Have you started off the cycle on your filter yet and have you read about fishless cycling - if not there is a great article in the 'How to tips' section of this forum up at the top. I would really recommend it as it will save a lot of complications in the near future if you add fish too soon.

I cant give much advice on plants as I have mainly kept fish that are not compatible with plants - large cichlids, headstands, plecs etc.

I'm at a point now where Im looking to restock my tank and I've been thinking about Emperor Tetras they are really nice - i cant decide between the regular or the purple though.

In a 30g I would be wary of the Angels just because the tank could not be tall enough of them, you ideally want a 24 inch tall tank. I would look at some of the dwarf cichlids as companions, I think that Apistogramma Borelli could compliment the Emperors or Apistogramma Panduro, the males are steely blue and the females are black and yellow.

What kind of water do you have?

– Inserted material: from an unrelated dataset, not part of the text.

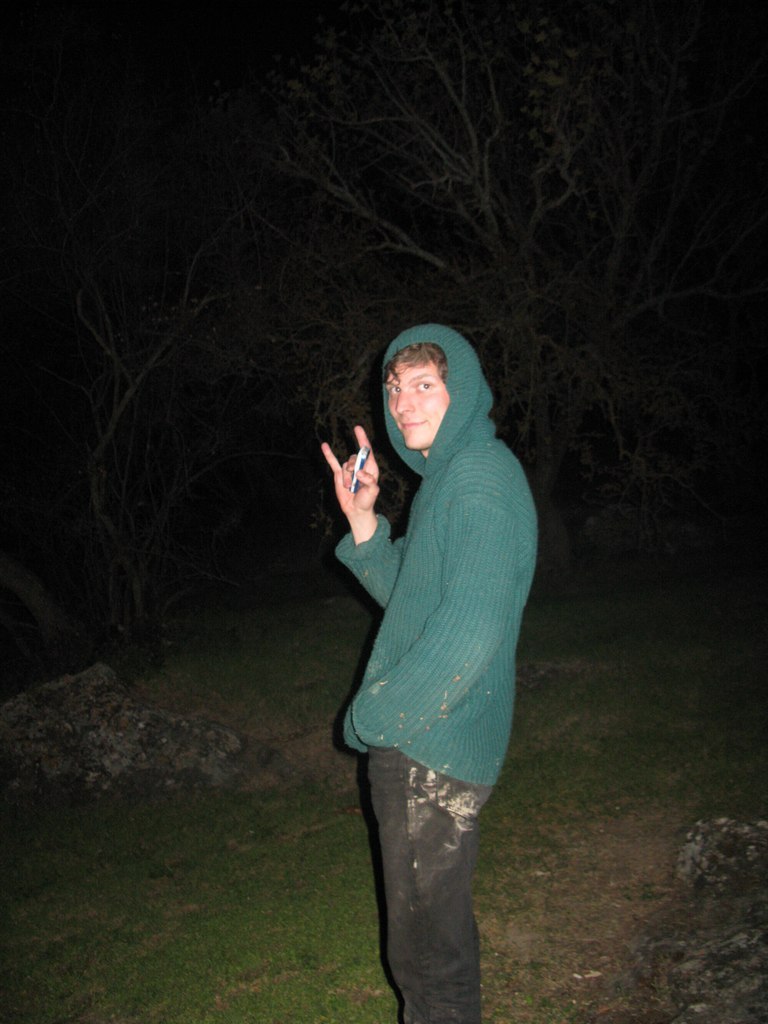 Глеб Ульихин --= MART=-- | Севастополь (село)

Hard or soft? Soft is generally better for South Americans but I have been keeping South Americans in quite hard water for a number of years.

Wills
My tap water ranges usually from 6.5-7.5pH. So kind of on the soft side sometimes, but mostly in the middle. I haven't put anything in the aquarium yet, and I'm not planning to introduce fish for a while. (aiming for February). Just trying to get an idea of what I want. Thanks, Hyr.
 
My tap water ranges usually from 6.5-7.5pH. So kind of on the soft side sometimes, but mostly in the middle. I haven't put anything in the aquarium yet, and I'm not planning to introduce fish for a while. (aiming for February). Just trying to get an idea of what I want. Thanks, Hyr.

The pH is not always indicative of the hardness of the water, and the latter is the more significant for fish, whether soft water or hard water species. You should be able to find your GH (general or total hardness) from your municipal water authority's website, or you can call them. With the number, give us the unit of measurement too, as there are several and we need to be able to convert.

We need to know the GH before we can begin suggesting fish, but I will second a couple comments already made. A 30g is not a large space, and the filter is not all that significant when it comes to stocking. Live plants factor in, but the physical space and how it is aquascaped is the most important aspect for the fish. Shoaling species need a group, some may be active swimmers while others just cruise, etc. With this in mind, angelfish are not an option (they are a shoaling species, and get large). Emperor tetras could work, maybe, but they are rather active swimmers and I would suggest a 3-foot tank minimum. We can find options once we know the GH.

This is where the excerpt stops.